**Requirement:** Pictures stay out of the output. Return exactly the lines below from the one with "Lên biên giới" down to the one with "güzeller güzeli kızımıza yuva fotoğraf", both included, and nothing more.

**Study material:**
....................
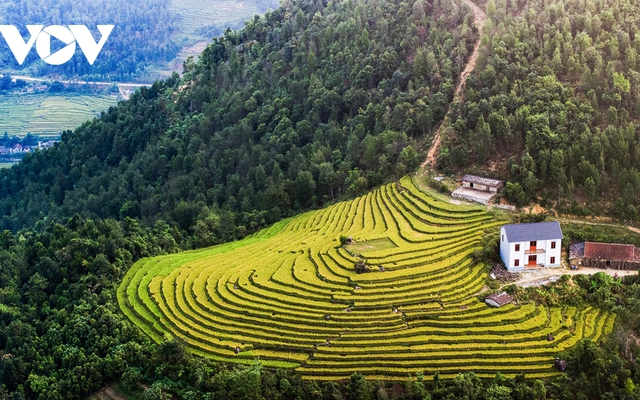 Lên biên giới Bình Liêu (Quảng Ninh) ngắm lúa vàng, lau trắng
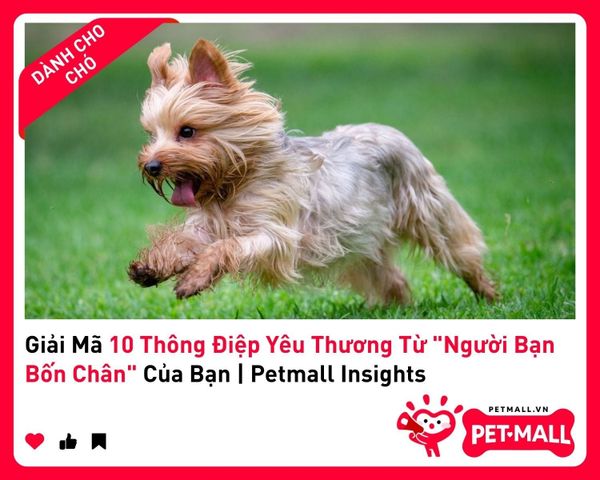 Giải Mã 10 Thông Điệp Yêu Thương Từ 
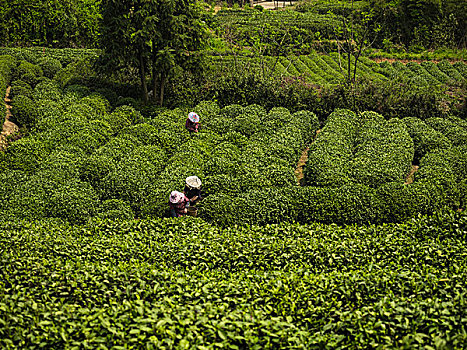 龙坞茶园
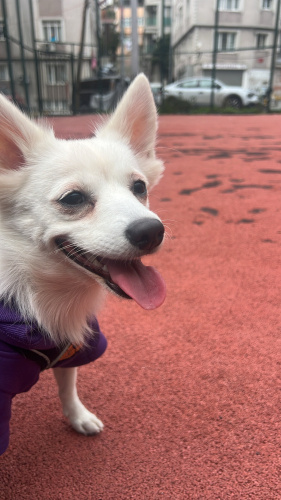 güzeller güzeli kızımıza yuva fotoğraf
....................
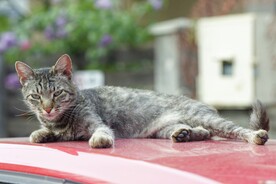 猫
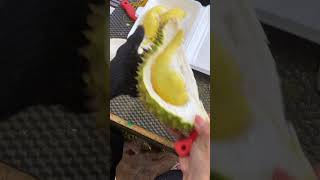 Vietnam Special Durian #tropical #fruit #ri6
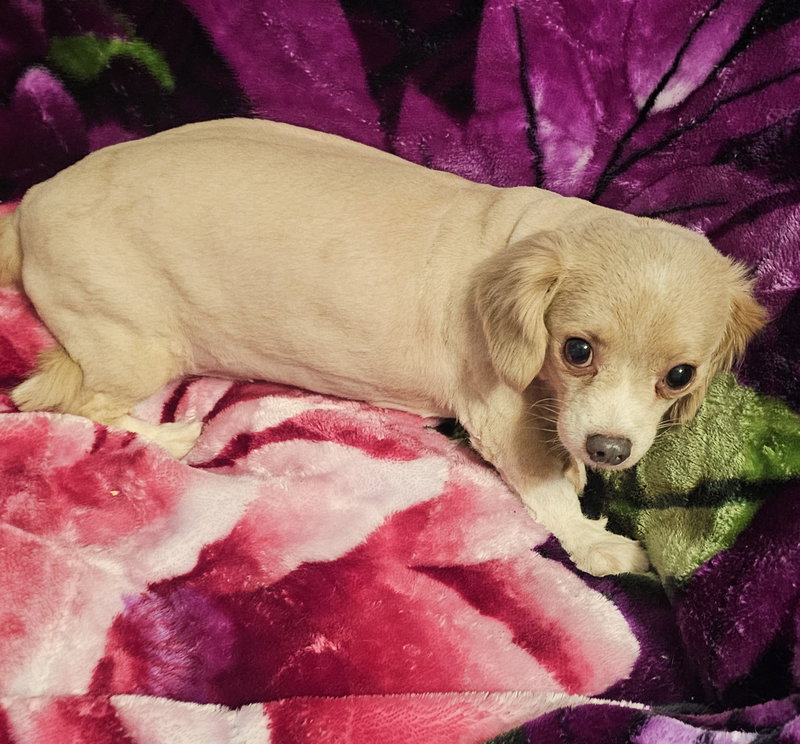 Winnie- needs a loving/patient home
....................
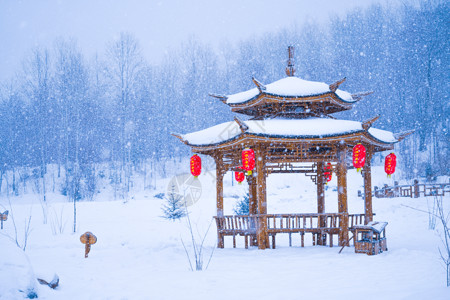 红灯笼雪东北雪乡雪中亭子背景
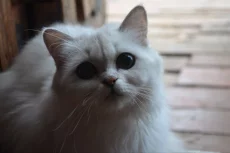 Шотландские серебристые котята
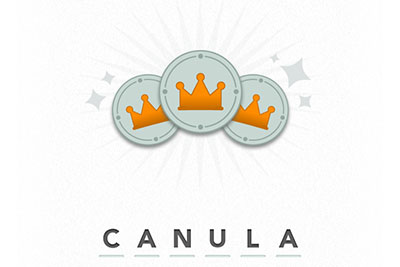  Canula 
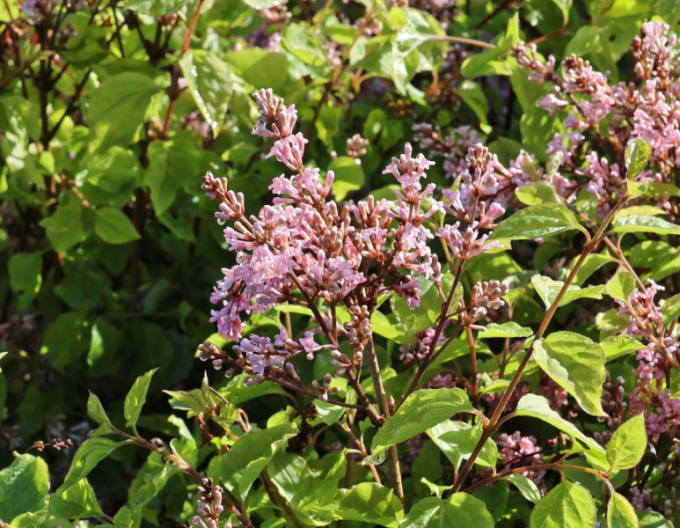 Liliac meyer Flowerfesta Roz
....................
**Exercise output:**
 Lên biên giới Bình Liêu (Quảng Ninh) ngắm lúa vàng, lau trắng
 Giải Mã 10 Thông Điệp Yêu Thương Từ 
 龙坞茶园
 güzeller güzeli kızımıza yuva fotoğraf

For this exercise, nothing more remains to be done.